La stessa società ricorrente, infatti, interpreta correttamente le pur involute espressioni della sentenza riguardanti le conseguenze degli accertamenti espletati ( "Da quanto sopra discende la nullità del termine inserito in un contratto in corso. Pur se non voglia trarsi da ciò la conseguente natura di licenziamento del recesso intimato da Lizia – con la conseguente applicazione della L. n. 300 del 1970, art. 18 quanto al risarcimento del danno (il rapporto si è comunque risolto l’11 agosto 2005), posto che non si è in primo grado neppure allegato e in appello comunque non provato il ricorrere del requisito numerico (Cass, S. U. 10 gennaio 2006 n. 141) – competono all’attrice a titolo di risarcimento del danno tutte le retribuzioni dalla data di costituzione (30 luglio 2005; tra le molte, Cass. 27 ottobre 2005 n. 20858") nel senso della impossibilità di qualificare la comunicazione della scadenza del termine come licenziamento e tuttavia sviluppa la prima parte delle censure contenute nel secondo motivo per sostenere (quindi inutilmente) che semmai non sarebbe applicabile nel caso in esame l’art. 18 S.L. ma la L. n. 604 del 1966, art. 8 (formulando altresì al riguardo un quesito di diritto, anch’esso pertanto non pertinente rispetto all’effettivo contenuto della decisione censurata.

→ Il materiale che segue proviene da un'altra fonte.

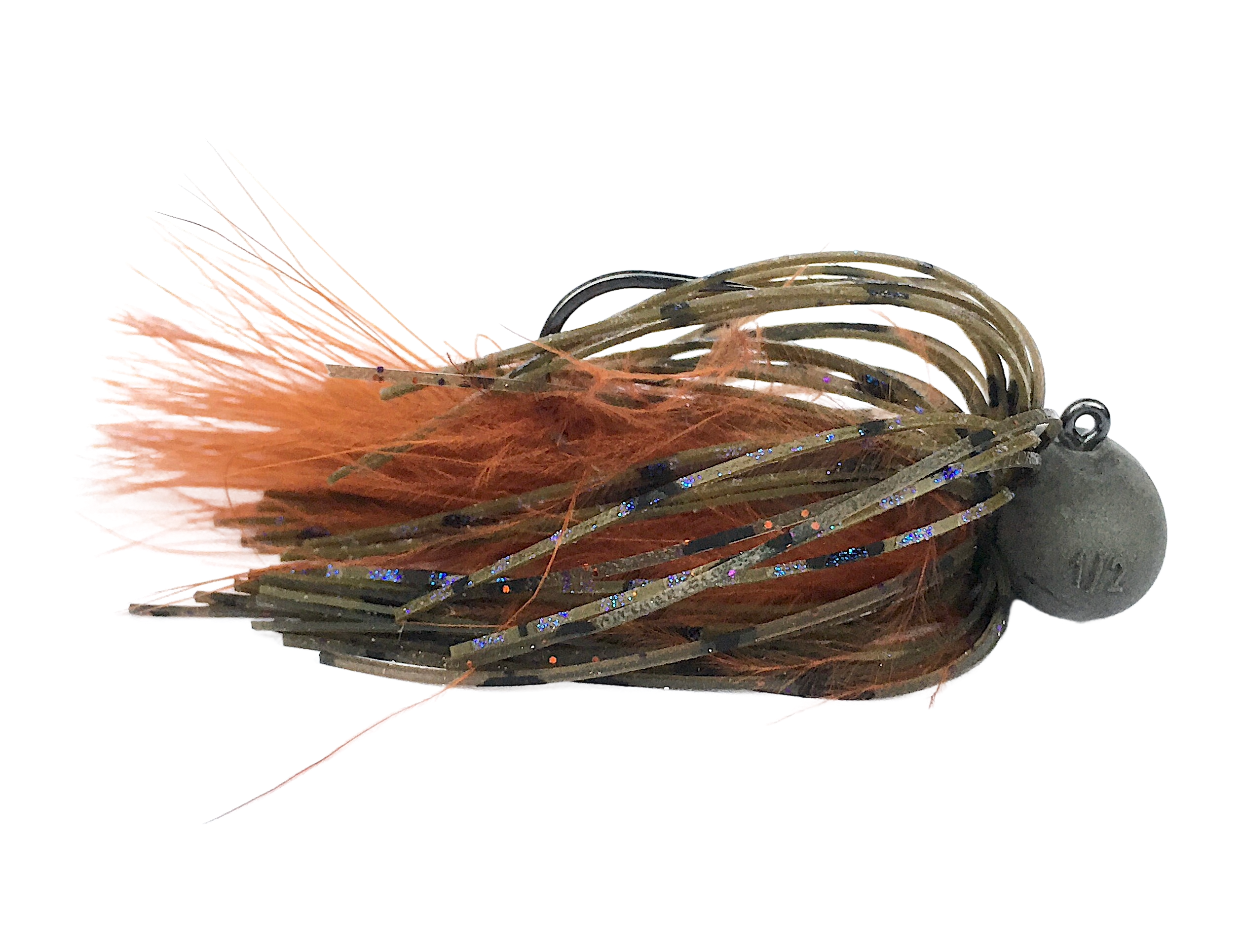 Beast Coast Open Water Sniper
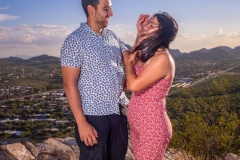 2024-07-03-Nick-Gonzalez-Proposal-Session-0257-Edit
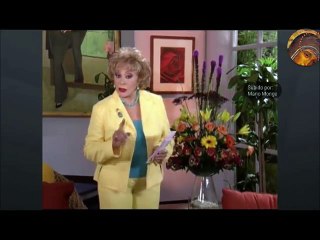 MCDLVR  - Prefiero un hombre que a mis hijos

Inoltre, nonostante che l’esplicito richiamo alla sentenza di questa Corte n. 20858/05 renda evidente che, con l’espressione sopra riferita "dalla data di costituzione", la sentenza faccia riferimento all’istituto della "costituzione in mora del creditore", di cui l’art. . 1206 e segg., in particolare art. 1217 c.c., ne cessaria, in caso di nullità del termine, per la decorrenza del danno da risarcire e nonostante che nel caso di specie tale costituzione in mora sia stata individuata in un atto (presumibilmente la lettera del legale della lavoratrice, citata dalla stessa ricorrente a pag. 12 del ricorso) del 30 luglio 1999 (come indicato nel dispositivo della sentenza, mentre il diverso anno riportato nella motivazione è frutto di un errore, come compreso chiaramente dalla ricorrente nel proprio atto), la società rifiuta di affrontare la relativa tematica con eventuali censure, ipotizzando irrealisticamente una intima contraddizione nella motivazione della sentenza che, pur dichiarando non invocabile la disciplina dei licenziamenti, avrebbe nel caso in esame fatto applicazione dell’art. 18 S.L..

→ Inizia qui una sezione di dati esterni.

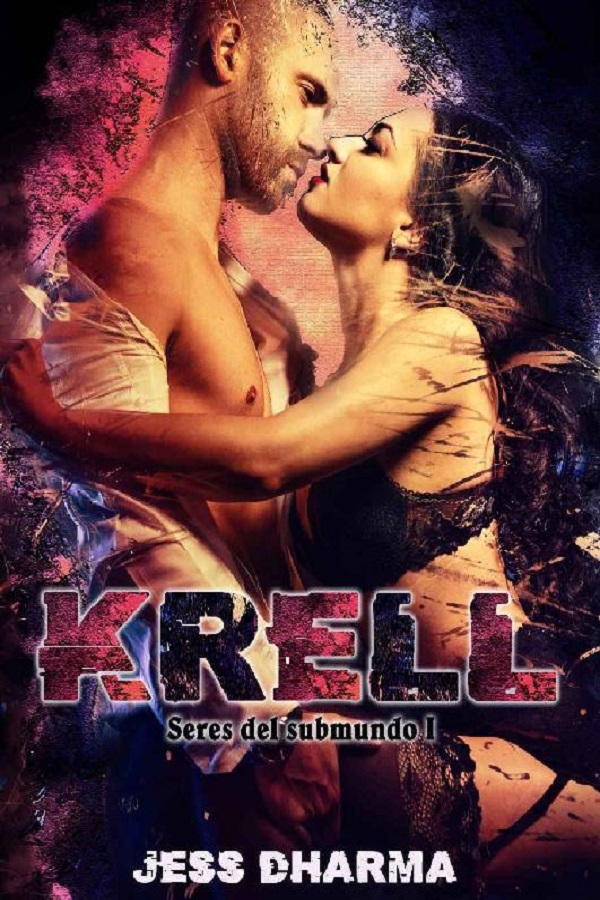 Krell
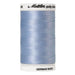 Polysheen Embroidery Thread 800m #3761 Winter Sky from Jaycotts Sewing Supplies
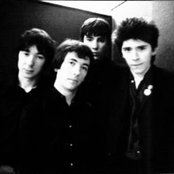 Buzzcocks - List pictures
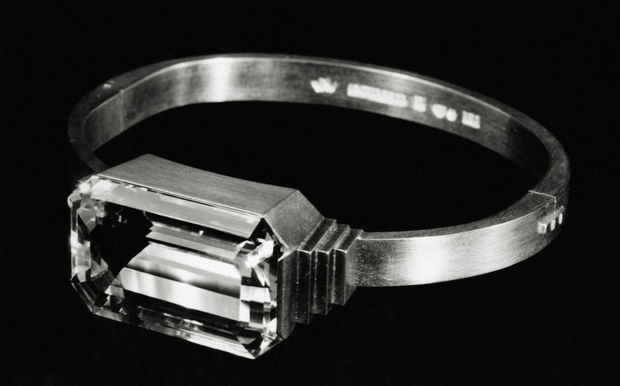 1935 Wiwen Nilsson participates in the Exposition Universelle de 1935 (World Exhibition of 1935) in Brussels, Belgium. 1936 Wiwen Nilsson...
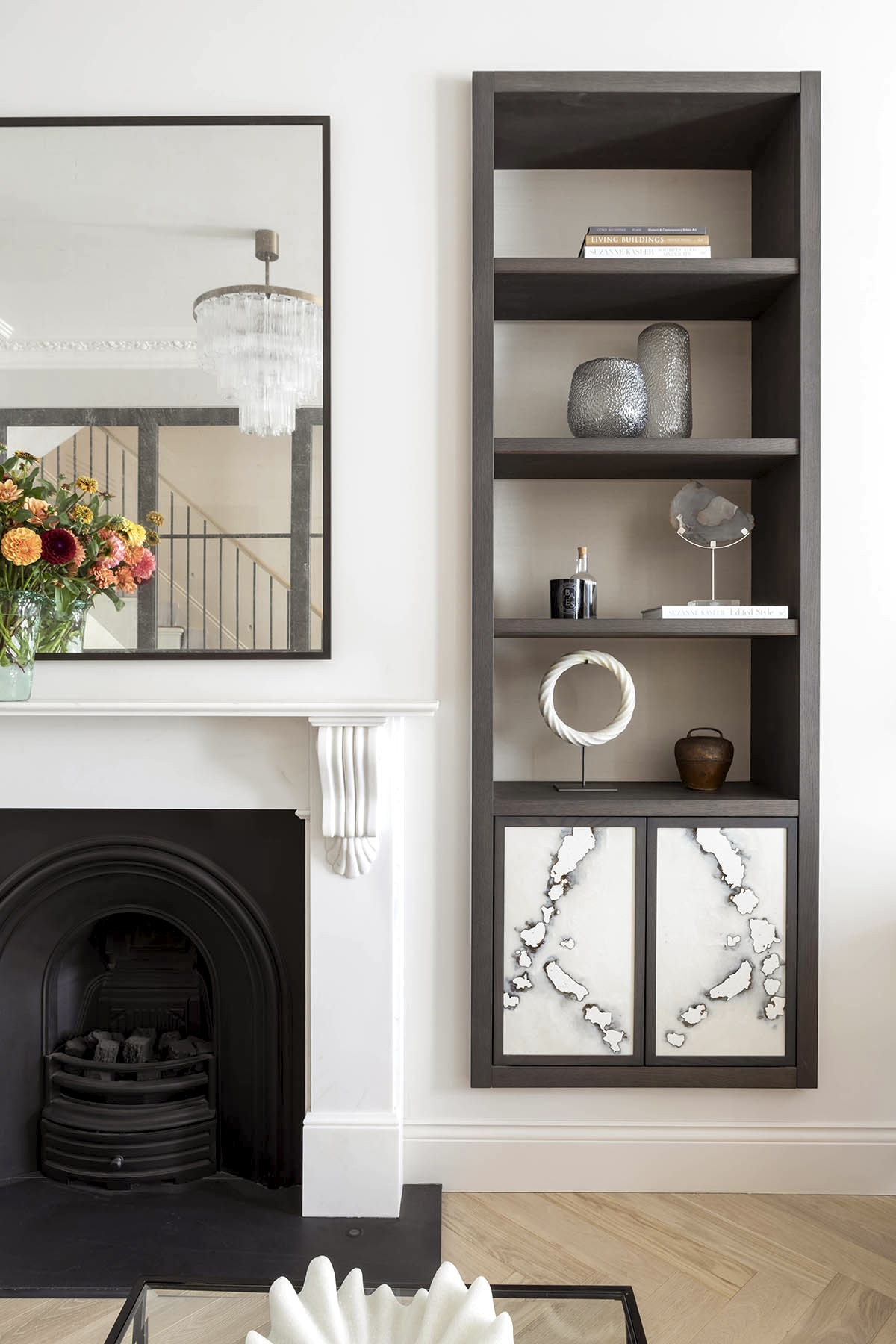 Radipole Road project image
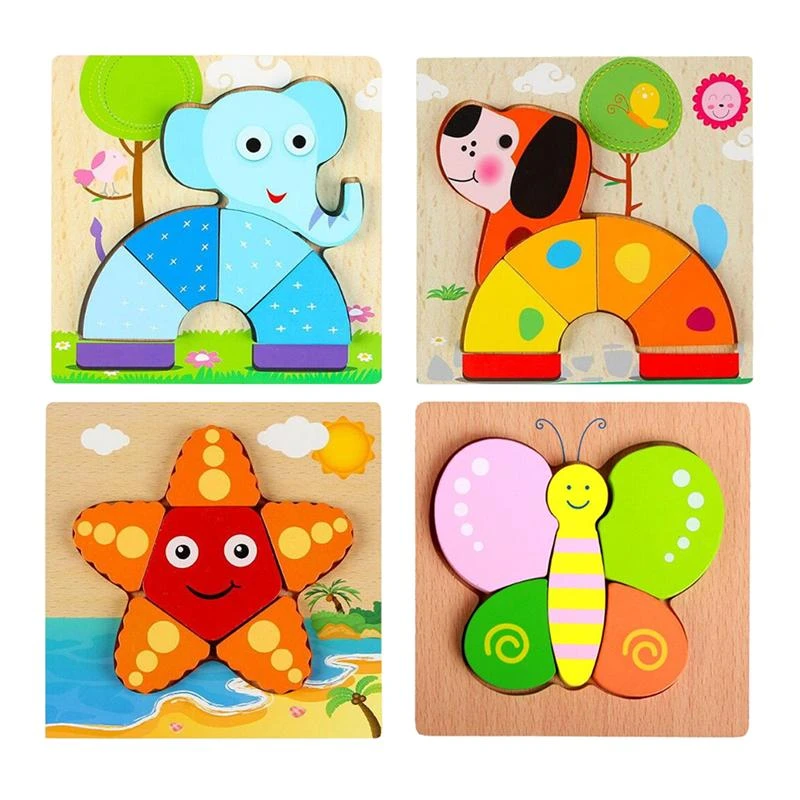 elephant butterfly toy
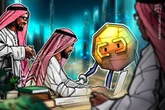  Emirates airline signs MoU with Crypto.com to enable crypto payments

Nella seconda parte del motivo, la società censura la sentenza per avere apoditticamente affermato (citando Cass. 11 maggio 2005 n. 9898, che in realtà riguarderebbe un caso diversa) che la mera inerzia non integra la fattispecie dell’art. 1227 c.c., comma 2. In proposito, la Corte d’appello non avrebbe infatti tenuto conto del fatto che nonostante la M. si fosse attivata già con lettera dei propri difensori del 30 luglio 1999 per impugnare il "licenziamento", avviando altresì la procedura di tentativo obbligatorio di conciliazione, aveva poi proposto il ricorso introduttivo del presente giudizio solo il 10 febbraio 2005, per cui sarebbe evidente il tentativo di lucrare compensi senza effettuare alcuna prestazione; tanto più che, invitata a riprendere servizio a seguito della decisione qui impugnata, la M. avrebbe declinato l’invito.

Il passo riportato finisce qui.